DATA FOR THIS TASK section start

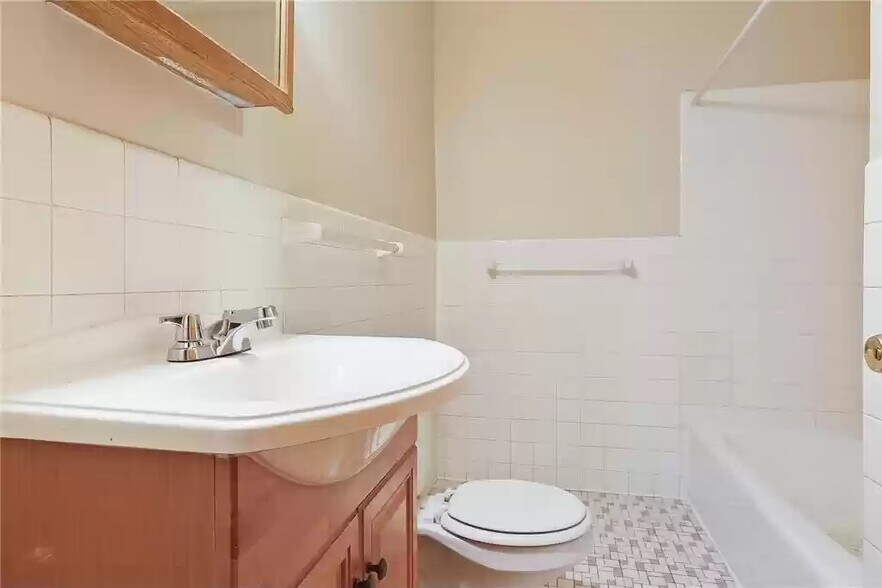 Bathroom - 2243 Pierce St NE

DATA FOR THIS TASK section end
DATA FOR THIS TASK section start

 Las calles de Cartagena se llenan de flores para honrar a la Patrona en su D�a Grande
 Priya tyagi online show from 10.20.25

DATA FOR THIS TASK section end
DATA FOR THIS TASK section start

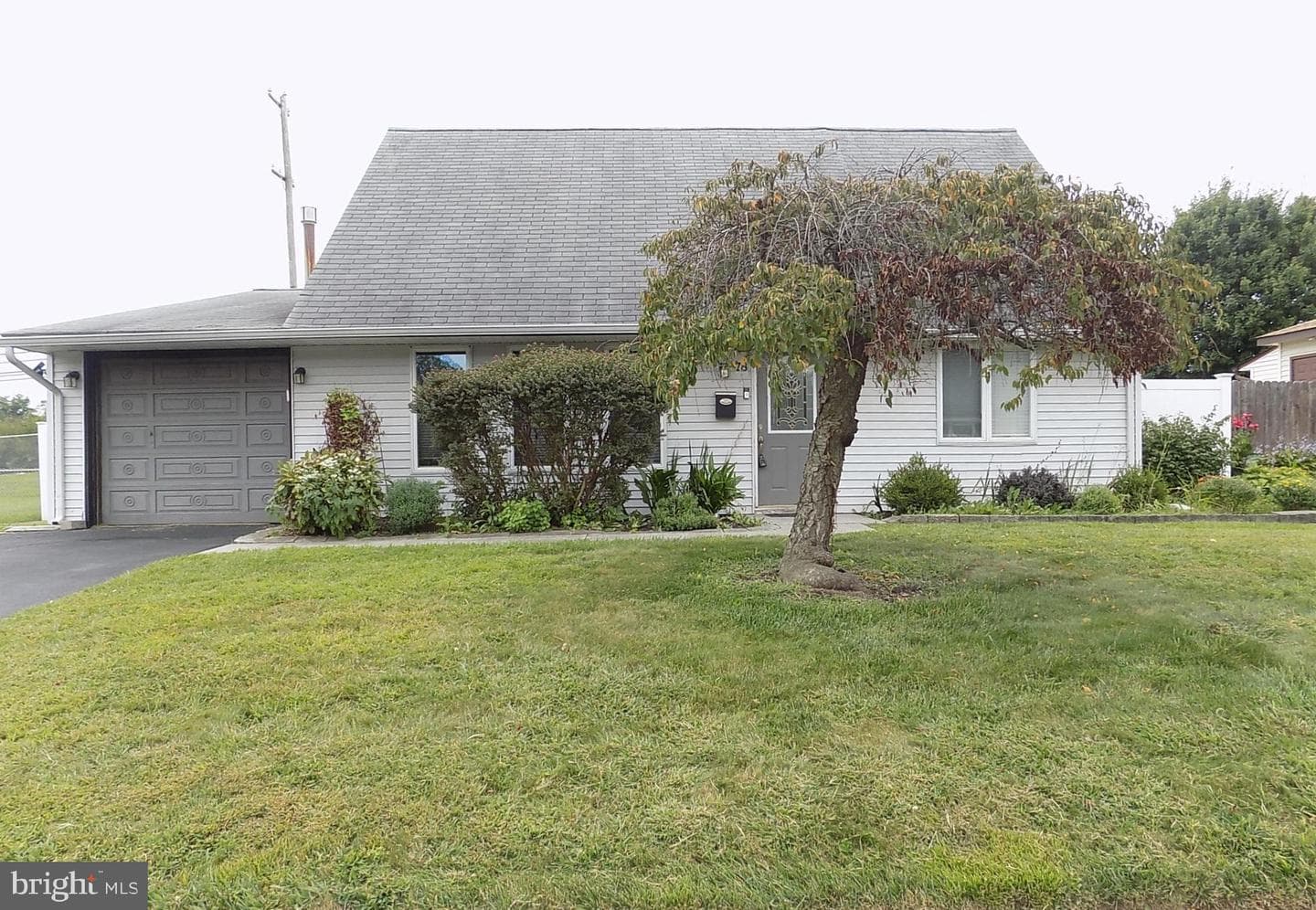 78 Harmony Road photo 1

DATA FOR THIS TASK section end

### [WHAT IS NEEDED]
All lines in the listing above from the line containing "Las calles de" to the line containing "Priya tyagi online show from 10.20.25", inclusive, should be retyped exactly; no other lines should appear.

### [RESULT FOR THIS TASK]
 Las calles de Cartagena se llenan de flores para honrar a la Patrona en su D�a Grande
 Priya tyagi online show from 10.20.25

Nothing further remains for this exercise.